At a talk Tahawy gave at AUC in 2010, she said that she never really discussed the translation with Calderbank. Instead, her younger brother met with the translator.
“My younger brother sat across from him ready to answer on my behalf, explaining and rectifying various aspects in my novel, which he had not read ... All my attempts to intervene and to impose my presence on the translation process, from which I had been deliberately marginalized, in spite of myself, utterly failed.”
Tahawy is no longer living with her parents. But, for her most recent novel “Brooklyn Heights,” she provided criteria for the selection of a translator. Samah Selim's English version of the book should be out later this fall.
But translation need not be arduous or unpleasant; it also can be an enjoyable experience for the author. Sudanese novelist Amir Tagelsir was pleased with the translation of his IPAF-shortlisted novel “The Grub Hunter.” He said, when reading it, “I felt very happy.” As he paged through, “I found myself enjoying it as a reader and not the writer of it at all.”
But with Tagelsir's French translations, he said, it has been a different thing entirely.

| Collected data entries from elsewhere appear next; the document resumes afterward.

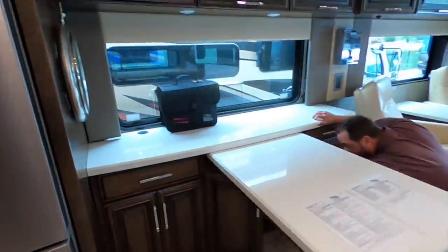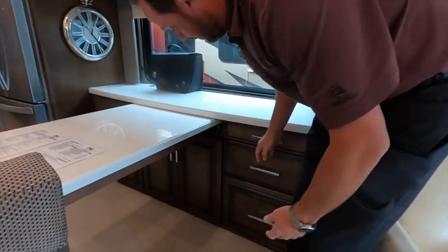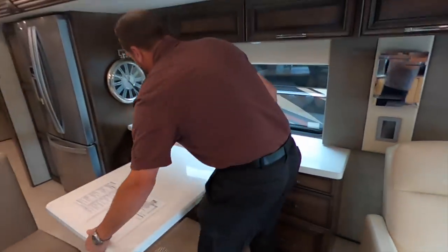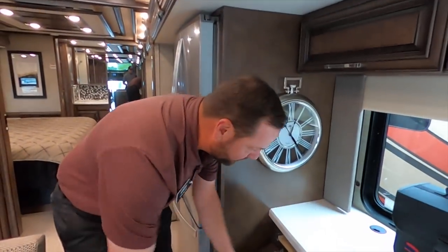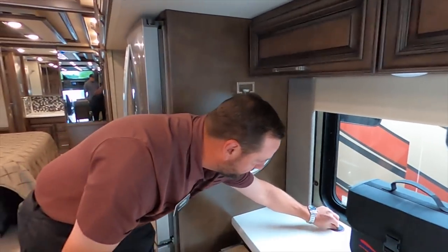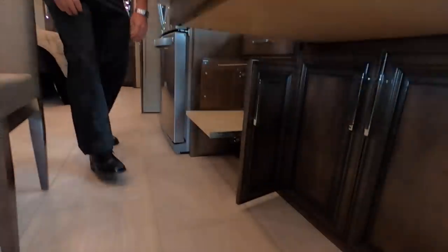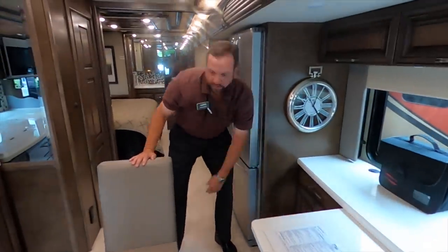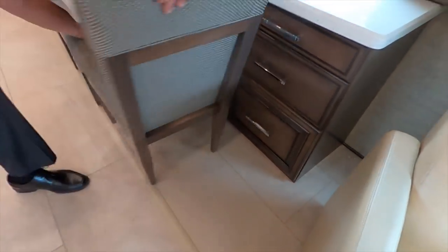When you close these doors — soft close. And your drawers — soft close on all your drawers. It makes a nice dining table if you want to seat four, but if you want to make it a desk area you've got a place for your laptop, hookups, and electrical outlets below. If you've got a printer, there's a little pullout right here. Really great that there's no carpet on the slide-outs — makes it so much easier to clean.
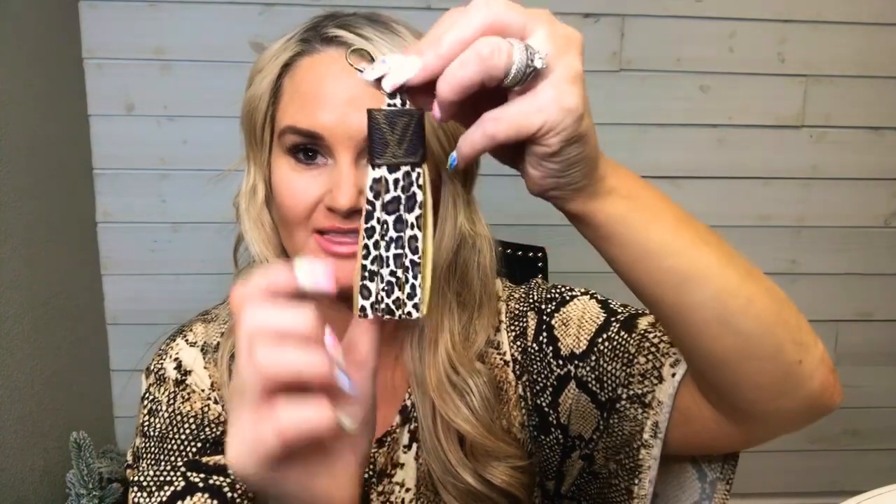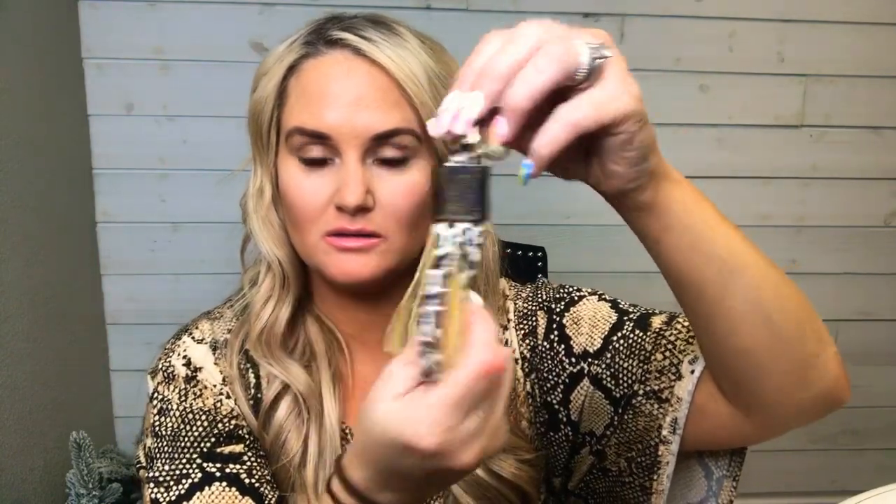Check it out — this one with the stone, oh my gosh, I love it. You can put it on your purse, put it on your keys. I love little accessories like this. And then we have the leopard one — oh my gosh, holy cow — with the little clip on it. I love it, very high quality leather.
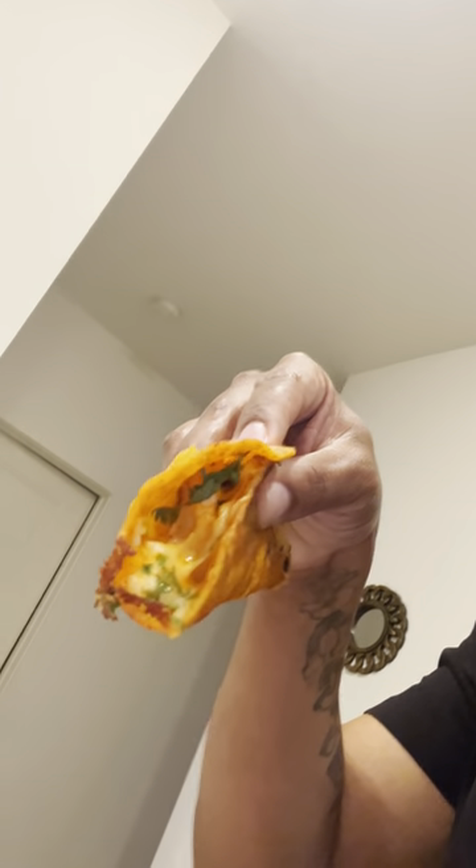First bite — that was a good bite, check that out. The flavor on these is crazy. All right, don't dip it in the sauce... that sauce. It ain't really hitting. It ain't giving. The tacos got so much flavor — you really don't need it, but I'll give it one more dip.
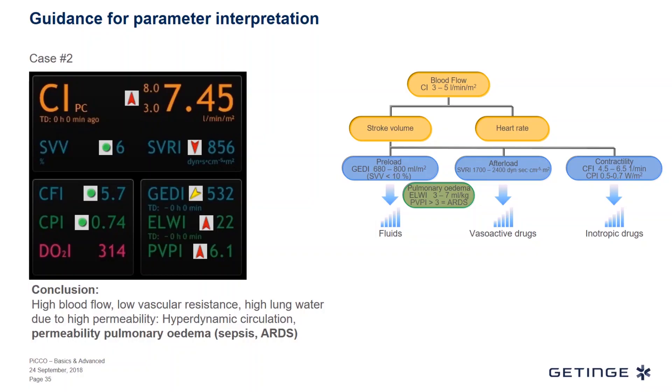So the conclusion from these results is: we have a hyperdynamic situation. It seems that fluid administration is not really beneficial. Cardiac function is okay. But we have a severe problem in the lungs — this patient is under pulmonary edema. And as confirmed from the PVPI, most likely this patient is an ARDS patient.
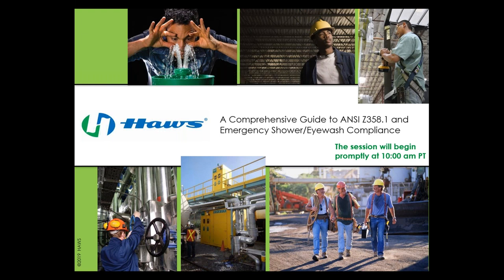Okay, time to get started. It looks like we have a lot of people in attendance. Thank you very much for joining us. We really appreciate it. Welcome to a comprehensive guide to ANSI Z358.1 and emergency shower and eyewash compliance.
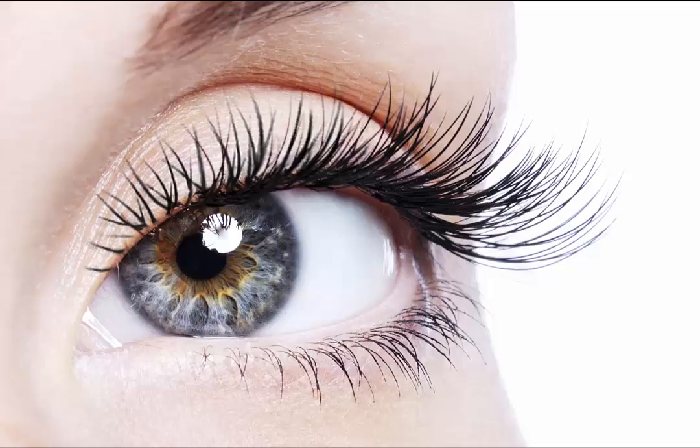Factors like genetics, age, certain medical conditions, a nutritional deficiency, an eye infection, or hormonal changes in the body often contribute to thin eyelashes. Rubbing your eyes roughly and not removing eye makeup at the end of the day can also cause the delicate hairs of your lashes to fall out.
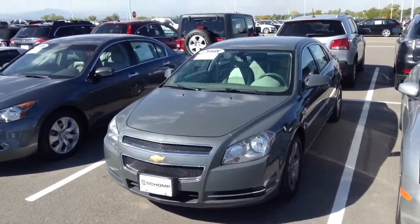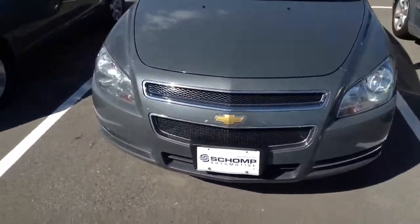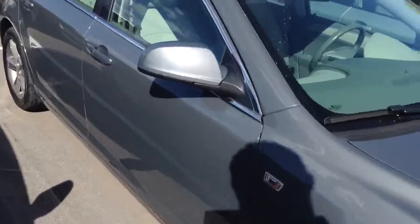Hi Mario, this is Justin at Chomp BMW. This is a 2008 Malibu that you've inquired about. Pretty car. As we do a walk around, didn't see any real dents or dings to speak of.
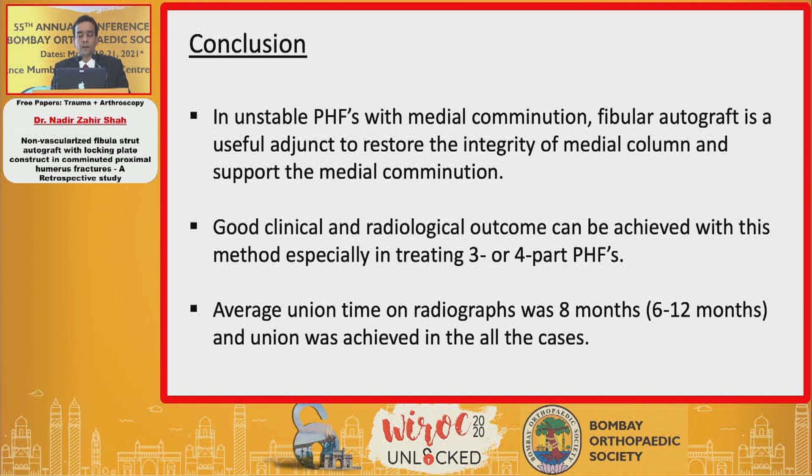In conclusion, in unstable proximal humeral fractures with medial comminution, fibular autograft is a useful adjunct to restore the integrity of the medial column and support medial comminution. Good clinical and radiological outcomes can be achieved, especially when treating three or four part proximal humeral fractures. Average union time was eight months, and union was achieved in all cases.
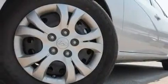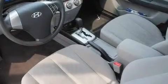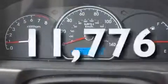Its top features include air conditioning, cruise control, heated side view mirrors, a CD player, a passenger side vanity mirror, front fog lights, tinted glass, a low tire pressure indicator, a rear window defroster, and this vehicle has less than 12,000 miles.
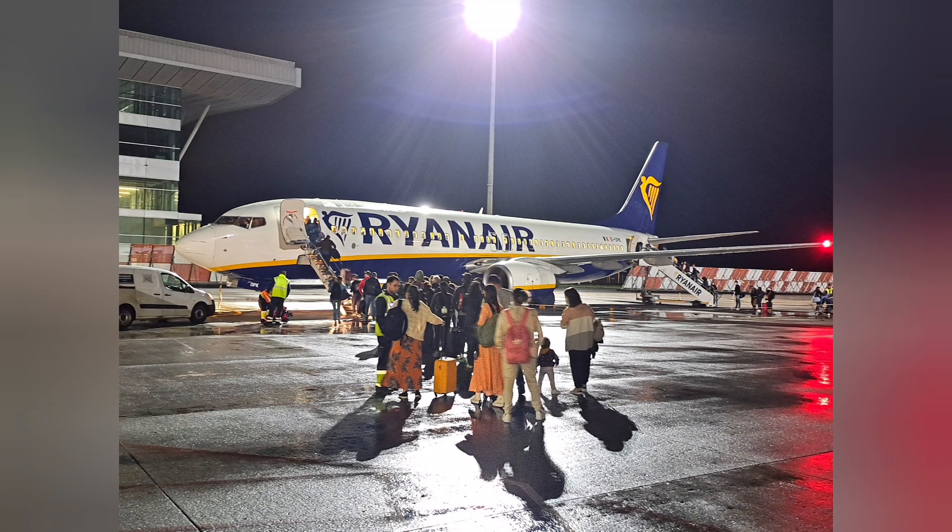Now we come to the departures experience. What you see from inside the gate area I filmed during daytime on arrival. On my departure at 6 am, everything was still closed and even only a few sparse lights were turned on.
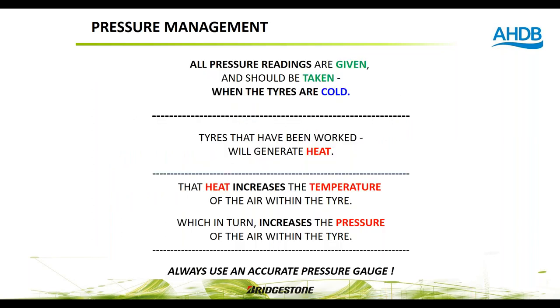Always use a correct gauge and, where possible, cross-reference multiple gauges on the farm periodically. As long as they're within about 1 psi of each other, continue to use them. An example from one farm visit revealed an 8 psi discrepancy between three different gauges — which would cause significant errors in pressure management.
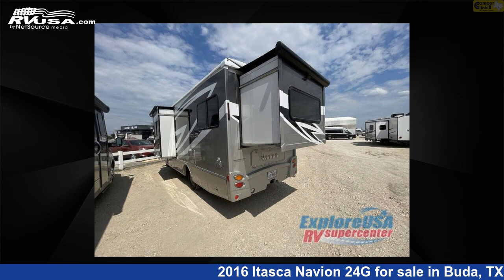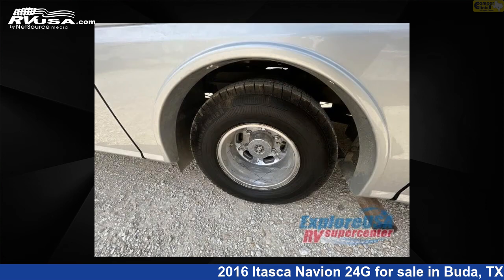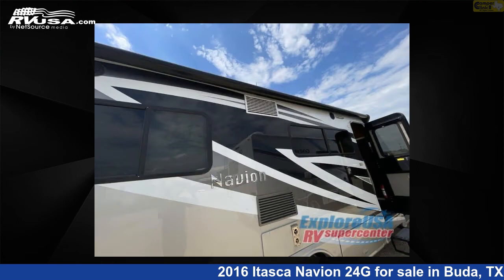The floor plan layout of this Class C features bunk over cab. This 2016 Itasca Navion 24G is built on a Sprinter chassis. For more information and pricing on this unit, and to see all units available for sale by Camper Clinic 2, visit rvusa.com.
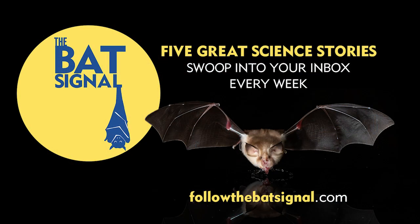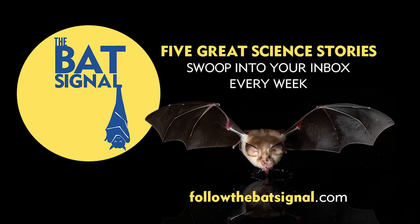Obviously they're special, and maybe someday I'll see one. But in a way it's not about me — these bats are just really cool. Anyway, that's my favorite science paper this week. I've got four others I'd like to share with you. The only way to find out about those is to sign up for my weekly newsletter — just go to followthebatsignal.com.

His novel “French Perfume” was translated by Xavier Luffin, and the fact that he couldn't access his work made him so sad that he considered learning French.
“But of course this was a silly thought. I think we should trust our translators in languages we don't know.”
Egyptian poet Ahmad Yamani was more poetic on the experience of translation. “You could say that the experience of translation itself is a magical meeting with the other in which each language - whether it is departing or arriving - concedes ground to the other, a ‘double traitor' in the words of Abdul Salam Ben Abdul Alay. I do recognize my own voice in Spanish [my primary language after Arabic], but in other languages I do not.”
Novelist Mona Prince, who worked actively with Raphael Cohen on the recent translation of her novel “So You May See,” said she wasn't sure how she felt about seeing her novel in another language.
“Honestly, I don't have the guts to read the English version of my novel.”